▸ **Task goal**: The answer must consist only of the lines from the line with "image for item" to the line with "Comfy Beachfront Apartment", both included, exactly as they stand below.

▸ **Caption-style text data**:
= = = = =

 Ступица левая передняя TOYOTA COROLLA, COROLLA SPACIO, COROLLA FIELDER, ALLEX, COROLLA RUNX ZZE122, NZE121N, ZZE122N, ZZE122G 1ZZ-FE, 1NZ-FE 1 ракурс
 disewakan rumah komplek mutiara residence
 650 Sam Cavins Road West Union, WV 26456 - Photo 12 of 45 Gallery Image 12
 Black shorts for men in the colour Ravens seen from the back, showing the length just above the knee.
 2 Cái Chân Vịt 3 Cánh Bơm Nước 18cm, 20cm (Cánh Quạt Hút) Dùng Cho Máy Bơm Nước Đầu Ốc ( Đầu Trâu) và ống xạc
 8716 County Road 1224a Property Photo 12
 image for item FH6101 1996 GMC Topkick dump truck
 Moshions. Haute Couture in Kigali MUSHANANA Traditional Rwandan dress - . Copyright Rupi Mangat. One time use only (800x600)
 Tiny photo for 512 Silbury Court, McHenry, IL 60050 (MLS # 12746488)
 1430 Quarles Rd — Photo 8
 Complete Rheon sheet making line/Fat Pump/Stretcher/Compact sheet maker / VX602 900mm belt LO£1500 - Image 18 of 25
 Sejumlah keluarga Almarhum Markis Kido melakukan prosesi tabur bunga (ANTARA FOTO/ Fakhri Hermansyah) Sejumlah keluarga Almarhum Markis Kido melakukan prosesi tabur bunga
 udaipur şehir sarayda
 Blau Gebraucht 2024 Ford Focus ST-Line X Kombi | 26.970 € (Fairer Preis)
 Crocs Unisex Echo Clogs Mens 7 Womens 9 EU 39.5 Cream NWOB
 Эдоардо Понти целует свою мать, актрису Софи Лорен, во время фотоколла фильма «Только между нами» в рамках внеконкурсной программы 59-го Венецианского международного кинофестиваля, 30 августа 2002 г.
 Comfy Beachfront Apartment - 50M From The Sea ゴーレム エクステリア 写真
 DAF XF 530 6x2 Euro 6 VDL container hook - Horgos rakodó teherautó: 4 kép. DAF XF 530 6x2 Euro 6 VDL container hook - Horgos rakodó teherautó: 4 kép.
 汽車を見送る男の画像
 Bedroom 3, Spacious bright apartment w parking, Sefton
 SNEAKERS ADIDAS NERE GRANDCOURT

= = = = =

▸ **Response box**:
 image for item FH6101 1996 GMC Topkick dump truck
 Moshions. Haute Couture in Kigali MUSHANANA Traditional Rwandan dress - . Copyright Rupi Mangat. One time use only (800x600)
 Tiny photo for 512 Silbury Court, McHenry, IL 60050 (MLS # 12746488)
 1430 Quarles Rd — Photo 8
 Complete Rheon sheet making line/Fat Pump/Stretcher/Compact sheet maker / VX602 900mm belt LO£1500 - Image 18 of 25
 Sejumlah keluarga Almarhum Markis Kido melakukan prosesi tabur bunga (ANTARA FOTO/ Fakhri Hermansyah) Sejumlah keluarga Almarhum Markis Kido melakukan prosesi tabur bunga
 udaipur şehir sarayda
 Blau Gebraucht 2024 Ford Focus ST-Line X Kombi | 26.970 € (Fairer Preis)
 Crocs Unisex Echo Clogs Mens 7 Womens 9 EU 39.5 Cream NWOB
 Эдоардо Понти целует свою мать, актрису Софи Лорен, во время фотоколла фильма «Только между нами» в рамках внеконкурсной программы 59-го Венецианского международного кинофестиваля, 30 августа 2002 г.
 Comfy Beachfront Apartment - 50M From The Sea ゴーレム エクステリア 写真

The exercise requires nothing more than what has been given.